• **Requirement**:
Write out exactly the lines from the one that contains "Lucky Brand Taupe" down to the last line of the material below, keeping both ends and omitting pictures.

• **The data**:

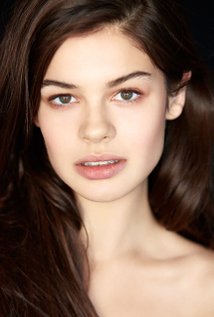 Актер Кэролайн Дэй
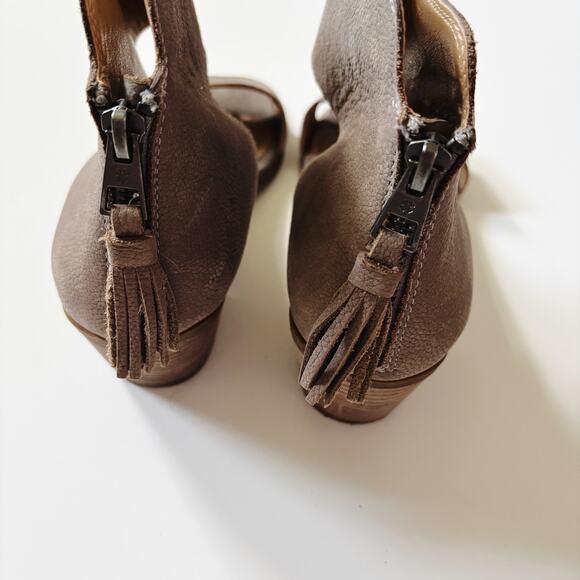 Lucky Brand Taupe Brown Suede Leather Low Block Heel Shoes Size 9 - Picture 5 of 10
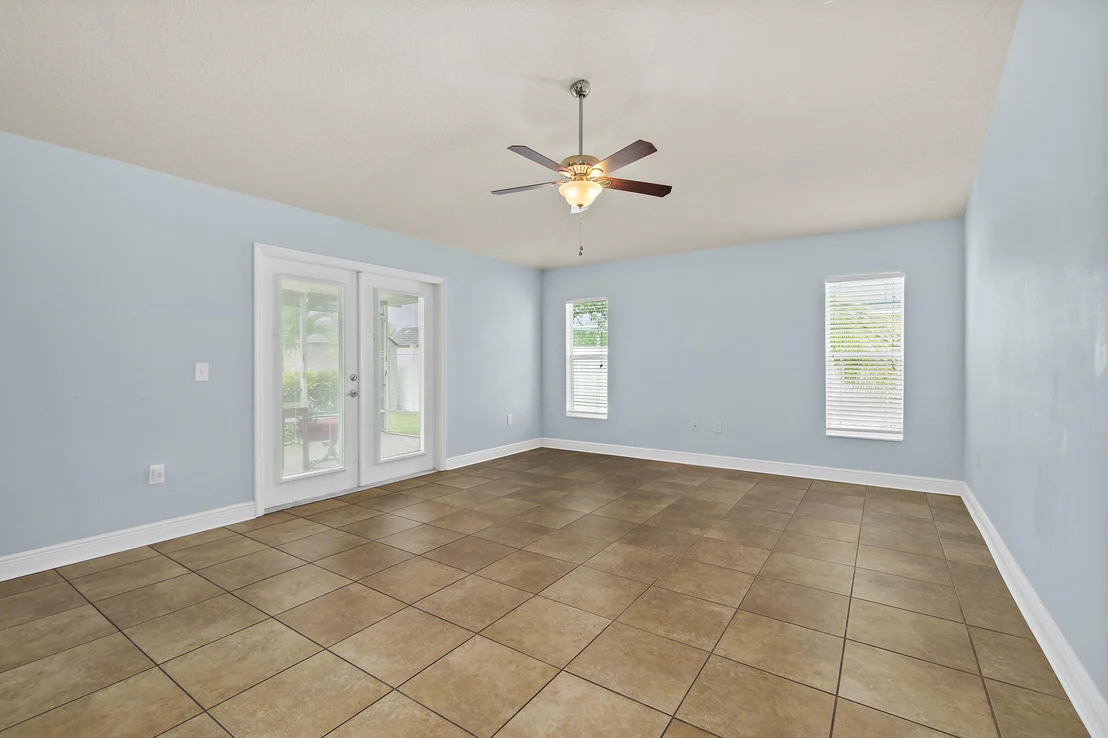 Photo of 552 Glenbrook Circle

• **Finished exercise**:
 Lucky Brand Taupe Brown Suede Leather Low Block Heel Shoes Size 9 - Picture 5 of 10
 Photo of 552 Glenbrook Circle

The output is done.